O tempo passou e, ainda, que a quebra do genoma não tenha trazido as soluções esperadas, não se pode negar a importância desse emaranhado de DNA. O sequenciamento genético se tornou o principal instrumento para pesquisadores que, em laboratório, estudam a causa, o tratamento e a cura de doenças que desafiam diariamente a medicina, como o câncer.

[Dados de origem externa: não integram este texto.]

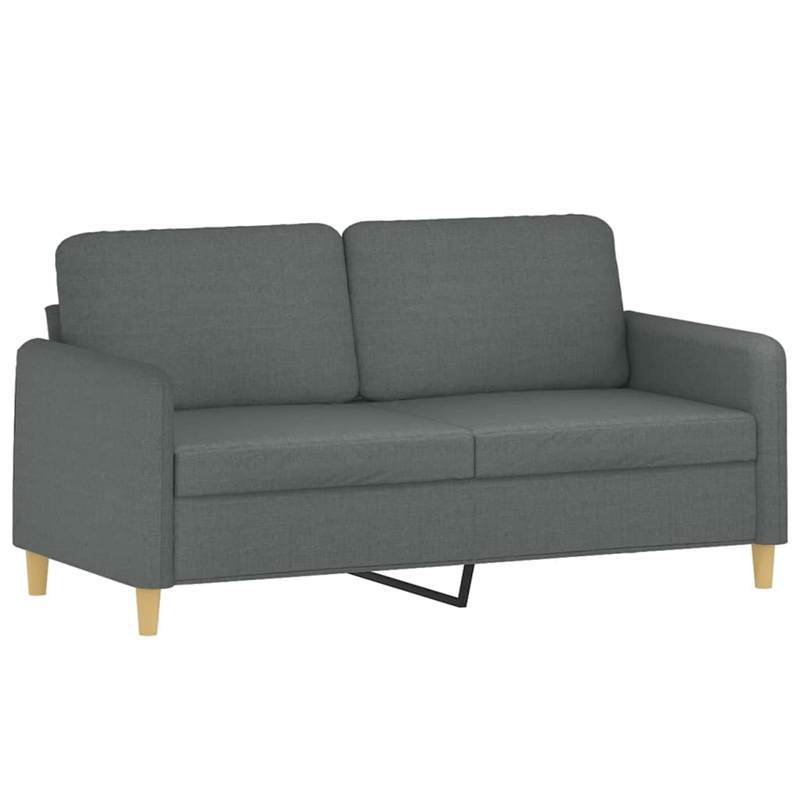 Bowery Hill Contemporary Metal 2-Seater Sofa in Dark Gray Fabric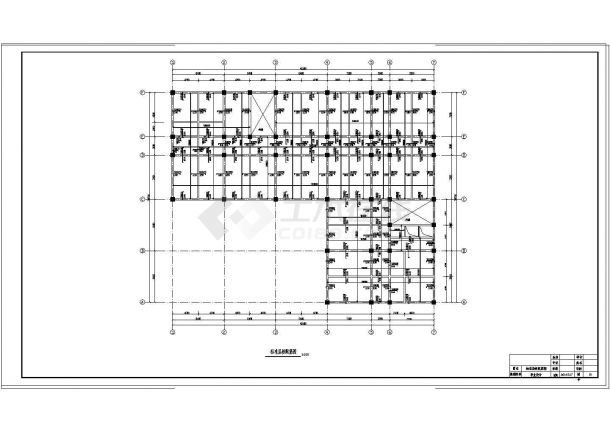 某七层倒L型框架建筑图结构cad图计算书7000平米左右-图二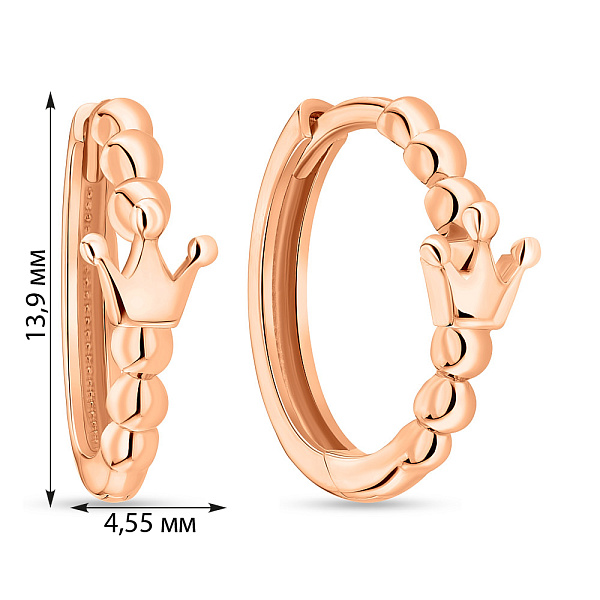 Золоті сережки-кільця "Корона" без каміння (арт. 108752/15) – зображення 4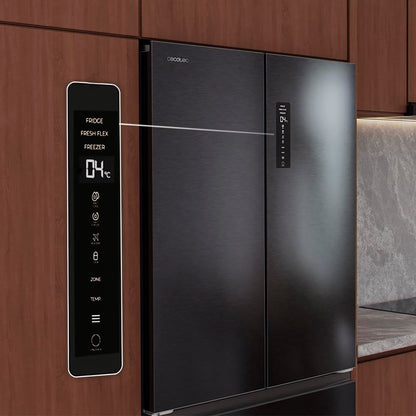 Cecotec Réfrigérateur Porte Française de 4 Portes Semi-Intégrable 458L Total No Frost Bolero CoolMarket F2D 458 SBI Dark E, Hauteur 189 cm et 83 cm Largeur, MetalFlexCooling, Compresseur Inverter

Catástrofe única causa mutações agressivas
Nesse sentido, um dos resultados mais positivos foi alcançado por pesquisadores do Instituto Wellcome Trust Sanger, na Inglaterra. A pesquisa, publicada em janeiro de 2011, derruba a visão convencional de que o câncer se desenvolve sempre em progressão, de maneira constante e gradual. Os estudiosos perceberam que, em alguns tipos câncer, o genoma pode ser quebrado em centenas de fragmentos de uma catástrofe única celular, causando mutações surpreendentes.
Foi observado que no câncer ósseo é bastante comum encontrar grandes mudanças estruturais que danificam regiões localizadas em um punhado de cromossomos. Essas mudanças, segundo os pesquisadores, não poderiam ser explicadas através do modelo padrão.
Segundo doutor Peter Campbell, do Projeto Genoma do Câncer no Instituto Sanger, é possível que em uma única célula em um único evento, um ou mais cromossomos explodam e se transformem em centenas de fragmentos. Nos casos de alguns cânceres, a máquina do DNA tenta reagrupar os cromossomos, mas nem sempre há sucesso provocando mutações. Não raro, delas resultam o desenvolvimento do câncer.
Na maioria das vezes, o câncer é percebido como uma evolução gradual, demorando anos para acumular as múltiplas mutações necessárias para provocar o crescimento agressivo da doença. Como a pesquisa é adiciona uma nova informação na medicina: uma crise cromossômica pode provocar múltiplas mutações que causam câncer em um único evento.